Jilet karakteri eserde kendine epey yer buluyor. Jilet zeki, sezgileri güçlü, çok iyi iz takip eden bir karakter yalnız Kadir Ağa'nın adamı oluşu onun en büyük talihsizliği olur. Onun yolunda başına gelmeyen kalmaz.
Aynur'un bulduğu kişinin adının Hukuk Fakültesi öğrencisi Ferit olduğunu öğreniyoruz. Jilet tarafından yaralanmış bir delikanlı. Şanslı ki Halil bulur onu.
Elinden tutar. Kendi yaşadıklarını hatırlar :"Öğrenmişti. Yaşam öğretir. İnsanın öğreneceği yoksa da." S. 171
Eserde tek kahraman yok herkesin hikayesi farklı, eserde yok yok...

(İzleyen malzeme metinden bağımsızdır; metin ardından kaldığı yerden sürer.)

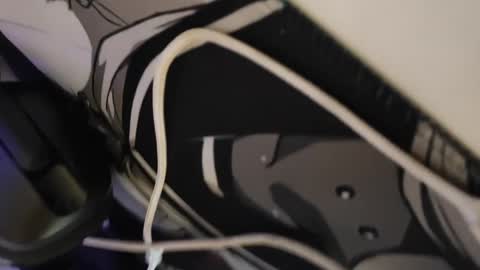 gabriel online show from 12.15.24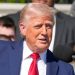 Senate passes Trump’s ‘big, beautiful bill’ after marathon vote-a-rama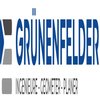 Avatar of gruenenfelder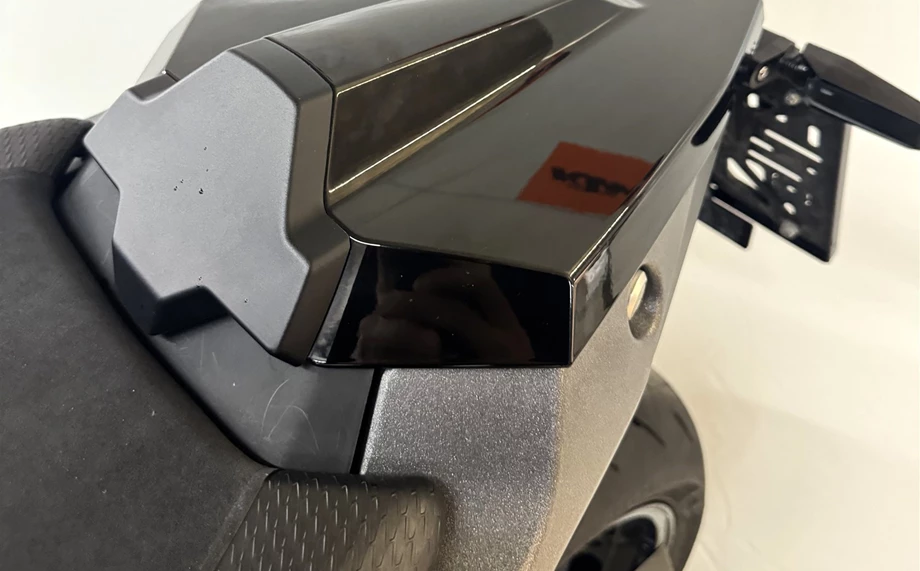 Angebot KTM 990 Duke Bild 13: Angebot KTM 990 Duke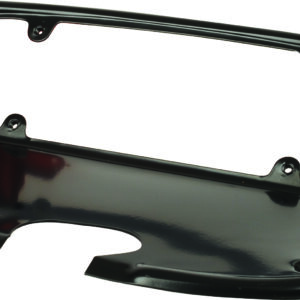 Combiné tableau de bord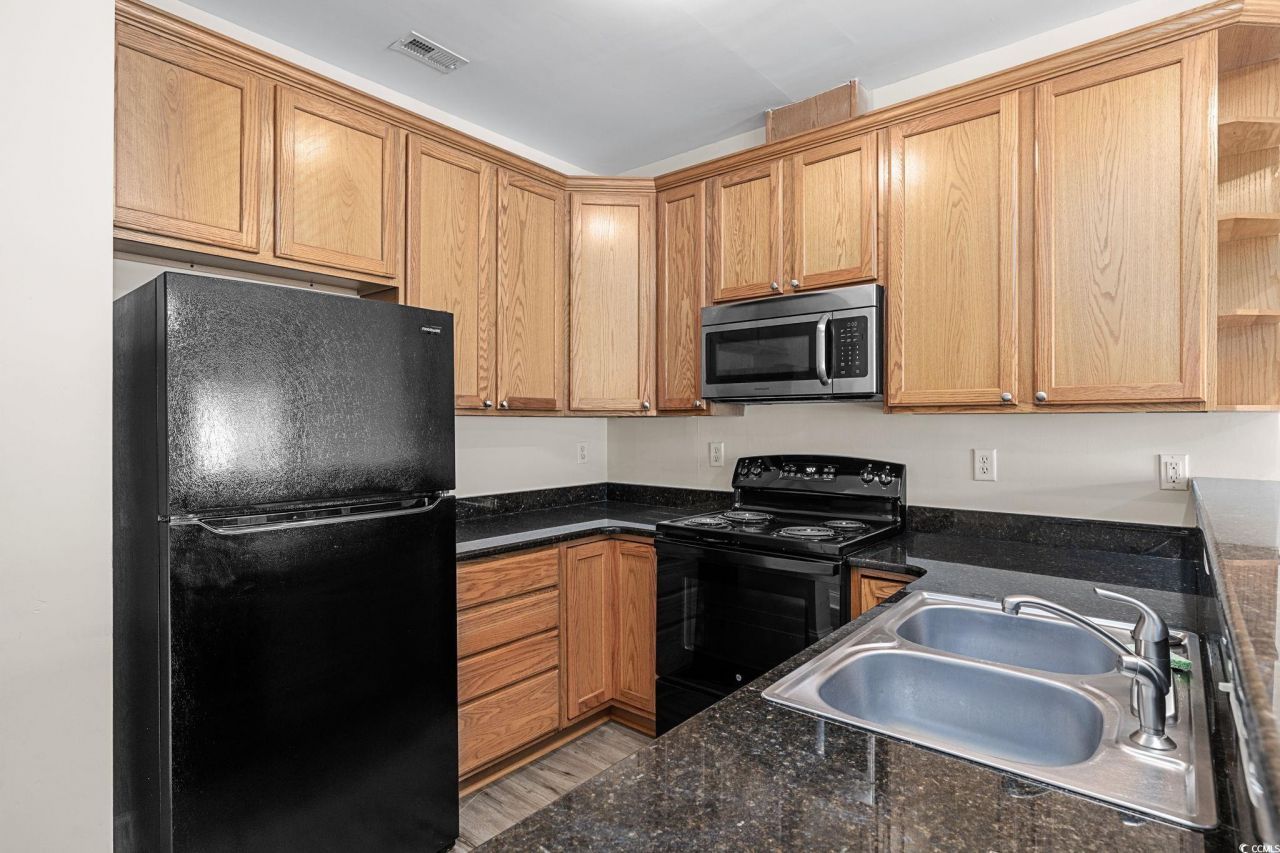 703 Beach Walk Pl. Photo 7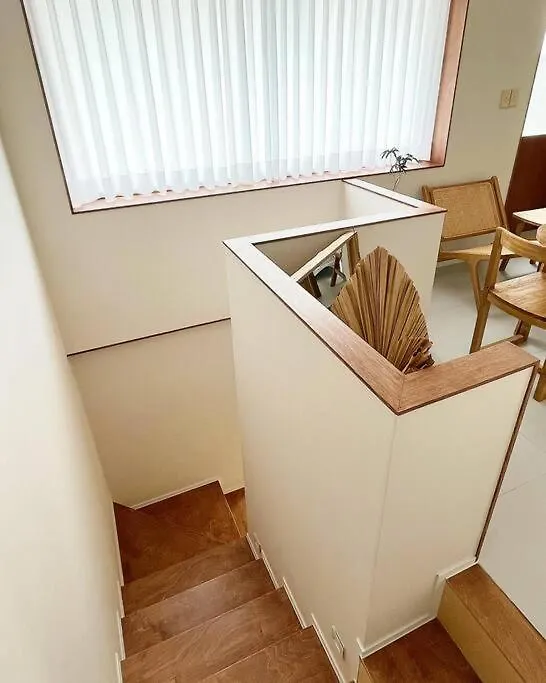 Busan Yeongdo Opening Holiday home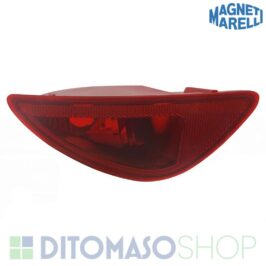 FANALE P/SX RETRON REN CLIO 06/09>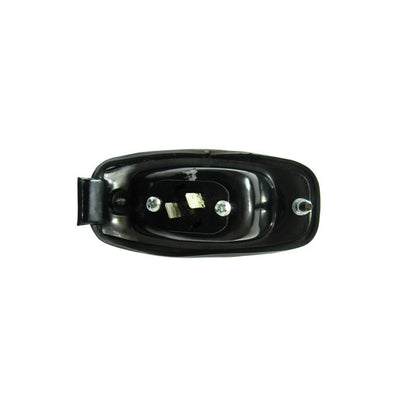 Front Indicator Coupe 1.Serie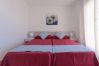 Appartement in Mont-Roig del Camp - Guardamar 4/6 Zeus Apartments Miami 11053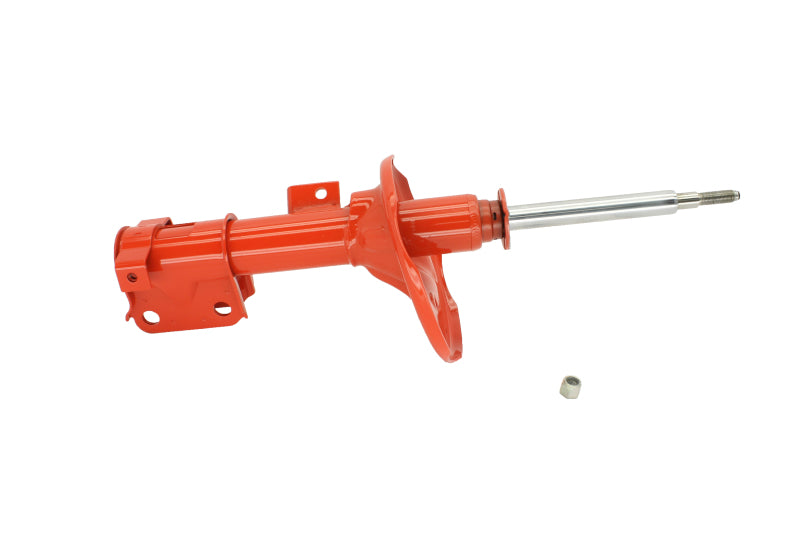 KYB Shocks & Struts AGX Front Left MITSUBISHI Eclipse 2000-05 KYB Shocks & Struts AGX Front Left MITSUBISHI Eclipse 2000-05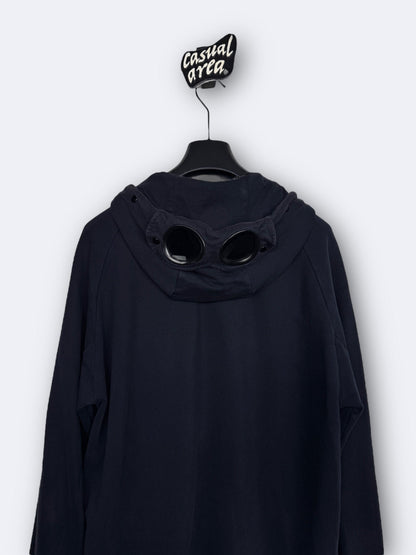 Gilet Goggle C.P. Company - L Casual Area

Halil'in öykücülerle ilgili bakış açısı da eleştirel :"O güne kadar Sait Faik'i ve birkaçı dışındaki tüm öykücüleri birer küçük burjuva, idealist birer hayalperest olarak görmüyor muydu? Kendi adasında, yaşamını tehlikeye atmadan dünya hakkında, insanlar hakkında son derece iyimser, bir bakıma bilim dışı şeyler yazmıyor, söylemiyorlar mıydı? " s. 171
Sezgi konusunda en zayıf hayvan insandır. S. 180
Zihnimiz en sadık yoldaşımızdır ve yeri geldiğinde bize tüm eksik parçalarımızı bulup verir. 212.s.
Başkaldırmak insana özgü değil. Doğanın her yanında var.s. 270
Elbette yeni bir dünya yeni bir insanla olanaklıdır, öyle ya kişi kendi çevresine bir kere alışmayagörsün. S. 301
Devrim her zaman olmaz, devrimin gerçekleşmesi için toplumsal yaşamın bu zorunluluğu doğurması gerekir ama aynı zamanda kişinin içindeki bu değişimin de belirlenmesi... S. 302
Gülsen Hanım romatizmanın bir tür rüzgar olduğunu söyler dururdu. İçimizde rüzgar var. Bizim bedenimize hapsolmuş bir rüzgar. İşte bir kere girmiş ve artık çıkamıyor. S. 326
Bir kere bilgi bizi sonsuza dek değiştiren bir şeydir. Bilgiyi aldığımız zaman ondan kurtuluşumuz yoktur. Bir maya. Kendi kendini çoğaltmaya , bu yolla davranışlarımıza biçim vermeye başlar. S. 353
Yazar, kuşkusuz yaşayabilmek ve yazabilmek için kazanmalıdır,ama asla kazanmak için yaşamamalı ve yazmamalıdır. S. 436
Gençken, ah insan gençken yapar ne yaparsa. Bir parça da akıl olsaydı. Allah insana ikisini beraber vermiyor.